"Self-Righteous" I don't think you know what that word means!
There is a line in
"The Princess Bride" that I absolutely love. Actually there are many
lines in "The Princess Bride" that I really love. "No more
rhyming; I mean it! Anybody want a peanut?" "He's not really dead.
He's just mostly dead." "But, what you don't realize is -- I'm not
left handed!" I could go on and on and on so I had better stop now and get
to the line that I was originally thinking about. There is a scene after the
word "Inconceivable" has been uttered by his sidekick numerous times
that Andrew the Giants character turns to his friend and says, "I don't
think that you know what that word means!" That's exactly the way that I
feel when people use the word "self-righteous".
Words have meaning
and I think that one of the biggest problems that we have in communicating in
our age is that we rarely know what the words that we are using mean anymore.
Many times I find myself asking people, "What do you mean exactly when you
use the word ____________?" Often, I find that the way they define the
word and the way that I define it have very little in common.

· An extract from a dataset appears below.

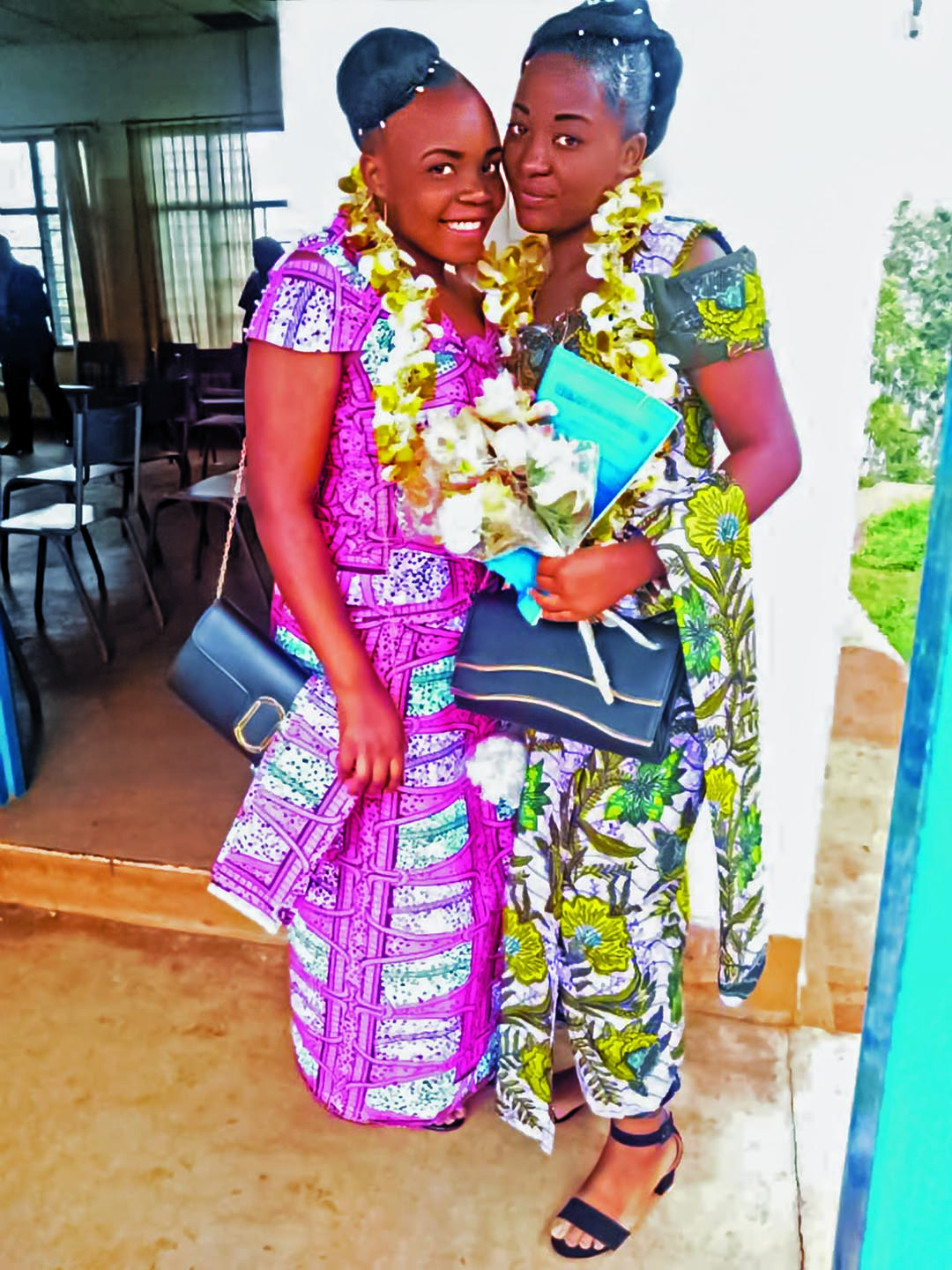 Vandaag hebben twee van onze kinderen hun opleiding afgerond ... Ze zijn klaar om te leven zoals elk ander mens." Vandaag hebben twee van onze kinderen hun opleiding afgerond ... Ze zijn klaar om te leven zoals elk ander mens."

"Self-righteous" is one of those words. The word comes from the Bible
when Jesus deals with the "self-righteous" Pharisees and teachers of
the law. It means that they thought that they had the power within themselves
to become right in the eyes of God. That if they just did all of the right
things, followed all of the right rules, ate all of the right foods, and
avoided all of the wrong places and people that they could somehow become what
God desired them to become. The problem with such teaching is that human beings
are completely powerless to make themselves right with God. That is why Jesus had
to come as a sacrifice. His death took care of the payment for our sins. This
was something that we were powerless to accomplish on our own.
Unfortunately, the
word "self-righteous" has come to be acquainted with anyone that
points out the sin in the world around them. If someone calls adultery sin that
doesn't make them "self-righteous". It doesn't even make them
judgmental. Why not? Simple, the Bible has already declared that judgment as
fact. The Bible has done the judging already! The individual is merely point
out what the Bible has already proclaimed. I rarely, if ever, encounter a
"self-righteous" Christian. The very fact that someone is a born
again Christian means that they have declared themselves to be a hopeless
sinner in need of a savior that is completely beyond themselves. They have
recognized that they cannot make themselves righteous.
What I find is that
most of the people that I hear throwing around the term
"self-righteous" are in fact "self-righteous." We live in a
society that sees no need for a savior. They are not like the Pharisees who
thought that they just need to do certain things in order to attain God's
favor. On the contrary, they feel that they already have the favor of God and
have no need to change anything at all about their lives because after all,
"God loves me just the way that I am!" He made me this way so there
is no need to change what He has made "Self-righteous" means
"religious" in the minds of most people today.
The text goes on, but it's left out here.